» **The task**: Take each line of the entries below that contains "will" and copy it.

» **Entries supplied**:
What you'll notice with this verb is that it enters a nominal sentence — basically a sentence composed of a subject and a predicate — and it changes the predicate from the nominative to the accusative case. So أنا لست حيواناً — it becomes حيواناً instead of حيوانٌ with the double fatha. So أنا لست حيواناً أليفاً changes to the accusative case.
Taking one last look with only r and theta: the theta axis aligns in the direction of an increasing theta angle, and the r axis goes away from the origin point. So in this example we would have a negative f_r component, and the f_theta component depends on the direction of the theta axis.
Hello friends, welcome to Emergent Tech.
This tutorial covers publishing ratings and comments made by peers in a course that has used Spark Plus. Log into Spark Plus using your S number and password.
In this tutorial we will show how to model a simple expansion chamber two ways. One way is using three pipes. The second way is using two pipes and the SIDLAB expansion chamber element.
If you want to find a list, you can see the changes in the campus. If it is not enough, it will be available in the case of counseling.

» **Your response**:
In this tutorial we will show how to model a simple expansion chamber two ways. One way is using three pipes. The second way is using two pipes and the SIDLAB expansion chamber element.
If you want to find a list, you can see the changes in the campus. If it is not enough, it will be available in the case of counseling.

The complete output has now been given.